With Midterms Over, Lame-Duck Congress Now Turns to Avoiding a Shutdown
Some agencies are fully funded, but 300,000 feds still at risk of furloughs.
Leaders in Congress and the White House appeared at odds over government funding for the remainder of fiscal 2019, once again raising the possibility of a shutdown for many agencies across government.
President Trump used his first public appearance after Republicans lost control of the House in the midterm elections on Tuesday to reinforce his call for funding to build a wall along the U.S.-Mexico border, threatening to let appropriations lapse if Congress declines to approve the spending. Some agencies would be unaffected by a shutdown because they've already received appropriations through September 2019. But many others are currently operating under a continuing resolution set to expire Dec. 7.
The departments of Defense, Labor, Health and Human Services, Education, Energy, and Veterans Affairs received full-year funding through two "minibus" appropriations bills Trump has already signed into law. Others, such as the departments of Transportation, Housing and Urban Development, State, Interior, Agriculture, Treasury, Commerce, Homeland Security and Justice, are currently operating under the stopgap measure. More than 300,000 federal workers would face furloughs in a December shutdown, according to the affected agencies’ most recent shutdown plans.
Asked on Wednesday if the midterm results had impacted his demand that Congress fund the border wall and whether he would rule out the possibility of a shutdown next month, Trump said, "I can't commit to that, but it's possible.” He added that he was “not necessarily” committed to pursuing a shutdown strategy, but reiterated, “We need money to build the wall, the whole wall, not pieces of it.”
Trump will be working with a divided Congress come January, with Republicans maintaining control of the Senate. The president’s party will continue to control both chambers through the current spending battle, however. Senate Majority Leader Mitch McConnell said on Wednesday all sides will have to “work together” to avoid an appropriations lapse.
“We need to work this out,” McConnell said. “We’re going to do the best we can to try to achieve the president’s priorities, and hopefully we will not be headed down that path.”
Congress faced an easier road to passing spending bills after Trump earlier this year signed a two-year budget deal dramatically increasing spending caps for fiscal years 2018 and 2019. The funding measures already signed into law for fiscal 2019 account for 75 percent of annual discretionary spending, the most appropriations allocated on time in 22 years. Lawmakers have not yet raised spending caps instituted under the 2011 Budget Control Act for fiscal 2020, setting up another potential fight for the divided 116th Congress.
Congressional negotiators are now in conference over a third minibus bill that includes funding for Agriculture, Interior, Treasury, Transportation and HUD, as well as the Office of Personnel Management and General Services Administration.
That third minibus would provide the vehicle for a pay raise for the federal workforce, if lawmakers choose to provide one.
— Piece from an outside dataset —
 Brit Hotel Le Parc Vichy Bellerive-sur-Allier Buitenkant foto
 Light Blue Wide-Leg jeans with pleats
The Senate version included a 1.9 percent raise for 2019, but the House remained silent on the issue, effectively supporting President Trump's pay freeze proposal. The second minibus that Trump earlier signed into law budgeted for the 1.9 percent increase, but final authorization would still have to come from the third minibus. Lawmakers appear to have reached an agreement to include the 1.9 percent raise, but Democrats say some fine points are still under negotiation.